In step S15, the output target sensor data is output to, for example, a host computer and displayed.

Further, step S15 includes, for example: and processing the target sensor data according to the unit measuring range in the target sensor protocol and then outputting the processed target sensor data. Specifically, the output data is, for example, the target sensor data multiplied by the unit range, for example, the unit range is, for example, 0.1, the output data needs to be obtained by multiplying the target sensor data by 0.1, and in some cases, the user wants to output the sensor data with the unit range, so that the user's requirements in different scenarios can be met.

Further, before step S13, for example, the method further includes: and caching the target sensor protocol in a queue. Specifically, a plurality of sensor protocols corresponding to a plurality of sensor communication instructions are queued, so that when a plurality of sensors access the sensors through a serial port, data can be read and written in order, and confusion of the data during sending or returning can be avoided. This avoids the confusion of sending read sensor data.

To facilitate understanding of the present embodiment, a specific implementation of the present embodiment is described below with reference to fig. 2. The sensor communication method provided by the present embodiment is implemented in the system shown in fig. 2, for example.

As shown in fig. 2, the system includes a host computer/player, a transmitter card, and various sensors. The transmitting card internally comprises a sensor function data provider, a configurable file resolver, a queue worker, a sensor data transceiver, a sensor return data resolver, a serial port interactor, a data checker and a data combiner. The operating system inside the transmitting card is, for example, a Linux system.

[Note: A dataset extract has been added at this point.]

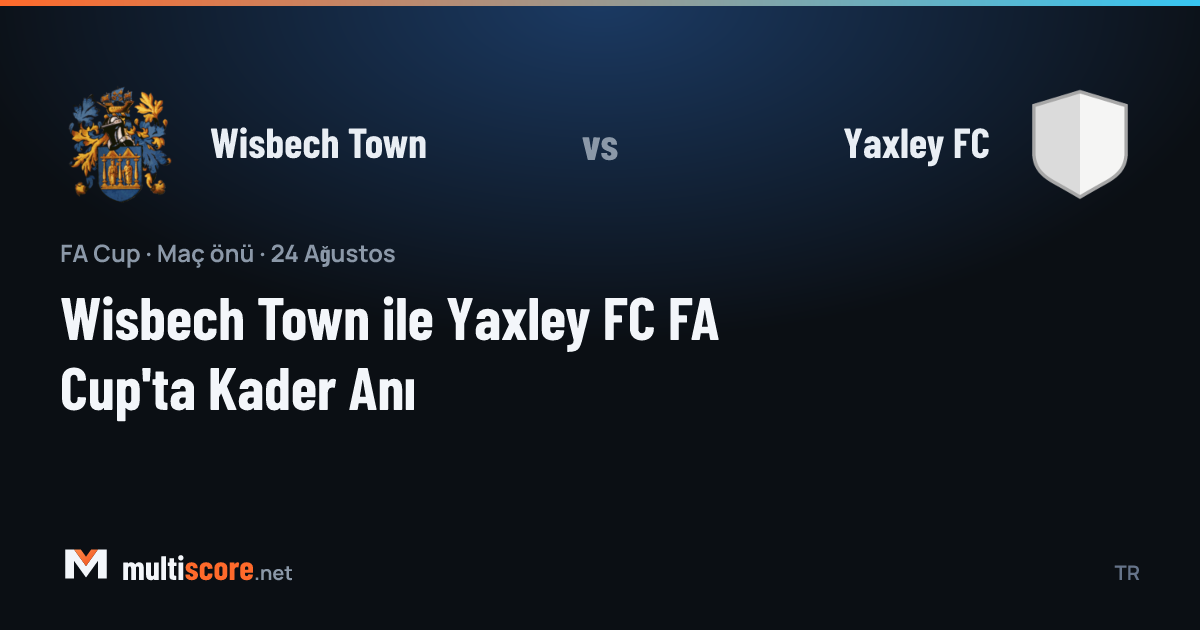 Wisbech Town - Yaxley FC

The transmitting card is connected with various sensors through a serial port, a serial docking station or a serial hub, and the sensors comprise: temperature sensor, humidity sensor, CO₂Sensors and integrated multifunction sensors.

In the following, an example will be described in which a sensor communication command is transmitted to read temperature data of a temperature sensor.

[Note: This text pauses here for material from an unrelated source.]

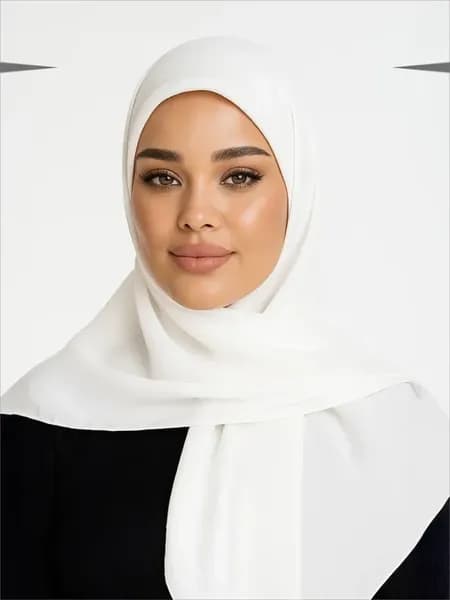 Платок на голову из органзы мусульманский 100х100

The upper computer sends a sensor communication instruction to the sending card, wherein the sensor communication instruction comprises, for example, the serial number of the temperature sensor on the upper computer, the functional type of the temperature sensor and the manufacturer of the temperature sensor. And the sensor function data provider of the sending card sends the command to the configurable file parser after receiving the command, the configurable file parser acquires a corresponding target sensor protocol according to the command and sends the target sensor protocol to the sensor function data provider, and the sensor function data provider sends the target sensor protocol to the queue work device.

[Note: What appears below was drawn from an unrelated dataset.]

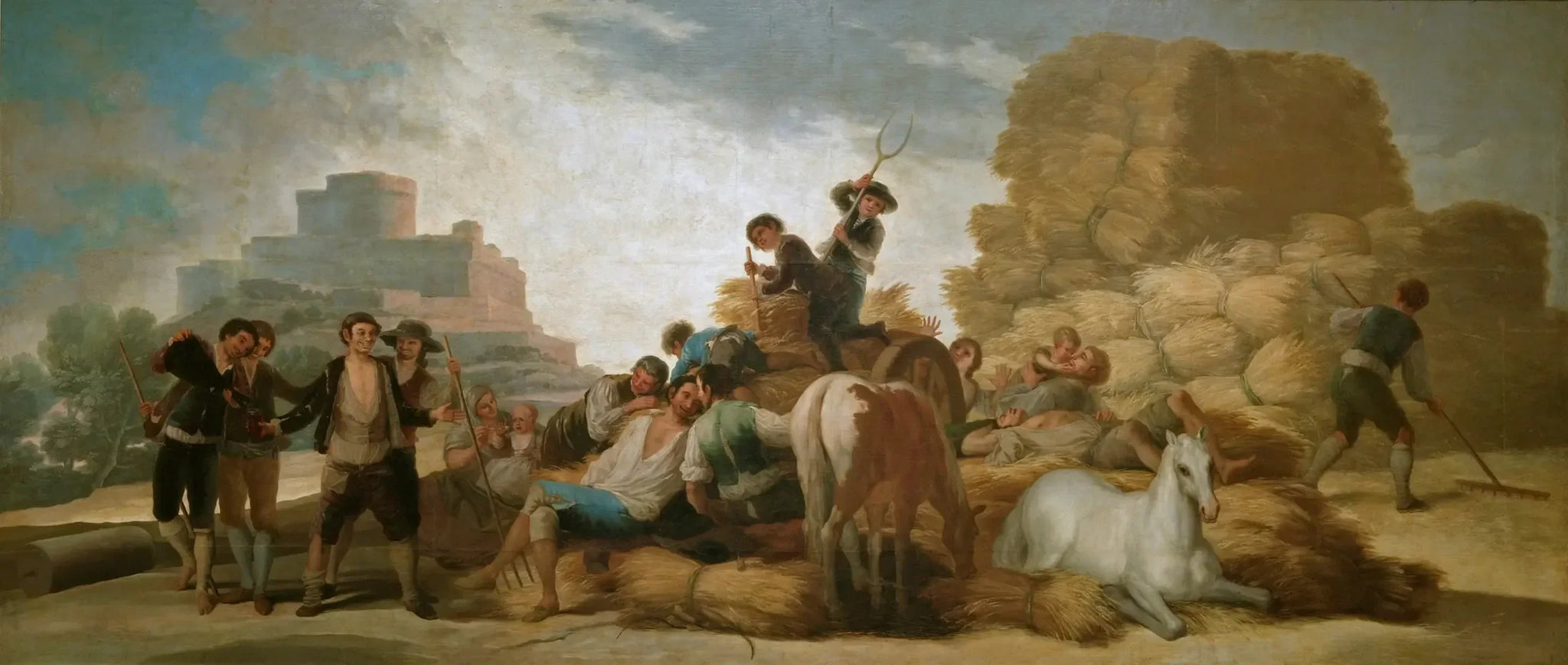 Le Champ - Francisco de Goya image 1 reproduction d’œuvre d’art à l’huile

The queue worker receives the target sensor protocol, then saves the protocol through the queue, and sends the protocol to the sensor data transceiver. The sensor data transceiver respectively forwards the protocol to the sensor return data parser and the serial port interactor.

The serial port interactor receives the target sensor protocol and then resolves the serial port address and the baud rate in the acquired protocol to open a corresponding serial port, namely the serial port reading and writing sensor can be used, the serial port interactor writes writing sensor data in the target sensor protocol into the temperature sensor through the serial port, and the temperature sensor returns initial temperature data to the serial port interactor according to the writing sensor data. The serial port interactor sends the initial temperature data to the sensor data transceiver, so that the sensor data transceiver reads the corresponding byte number according to the data length value in the target sensor protocol to ensure the integrity of the initial temperature data, and then sends the initial temperature data to the sensor return data analyzer.

The sensor return data analyzer firstly performs data head matching, namely matching a data head of initial temperature data with a data head of sensor data written in a protocol, and after the matching is successful, sending a target sensor protocol and the initial temperature data to the data checker. The data calibrator verifies the initial temperature data according to the data verification type in the target sensor protocol to obtain a verification result and replies the verification result to the sensor return data analyzer, the sensor return data analyzer judges that the verification result is the same as the verification code, the data analysis rule and the data in the target sensor protocol are transmitted into the data combiner, the data combiner recombines the return data to obtain effective data and replies the effective data to the sensor return data analyzer, the sensor return data analyzer transmits the effective data to the sensor function data provider, the sensor function data provider is provided with an interface for acquiring the sensor data and can output the effective data to an upper computer or a player for display, wherein the output effective data can be data with unit measuring range or data without unit measuring range.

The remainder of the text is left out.